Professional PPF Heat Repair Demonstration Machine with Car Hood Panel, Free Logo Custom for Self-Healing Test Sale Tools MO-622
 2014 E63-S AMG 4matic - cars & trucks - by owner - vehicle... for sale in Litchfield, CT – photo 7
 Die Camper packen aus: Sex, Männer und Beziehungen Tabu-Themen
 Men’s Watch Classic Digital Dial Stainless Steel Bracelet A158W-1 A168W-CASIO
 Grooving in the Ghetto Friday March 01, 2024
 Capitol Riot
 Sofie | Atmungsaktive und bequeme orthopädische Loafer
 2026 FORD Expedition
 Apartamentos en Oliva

Work to complete. All lines from the top of the data through the line containing "Sofie | Atmungsaktive" need to be retyped exactly, and nothing more.

Response to this exercise.
Professional PPF Heat Repair Demonstration Machine with Car Hood Panel, Free Logo Custom for Self-Healing Test Sale Tools MO-622
 2014 E63-S AMG 4matic - cars & trucks - by owner - vehicle... for sale in Litchfield, CT – photo 7
 Die Camper packen aus: Sex, Männer und Beziehungen Tabu-Themen
 Men’s Watch Classic Digital Dial Stainless Steel Bracelet A158W-1 A168W-CASIO
 Grooving in the Ghetto Friday March 01, 2024
 Capitol Riot
 Sofie | Atmungsaktive und bequeme orthopädische Loafer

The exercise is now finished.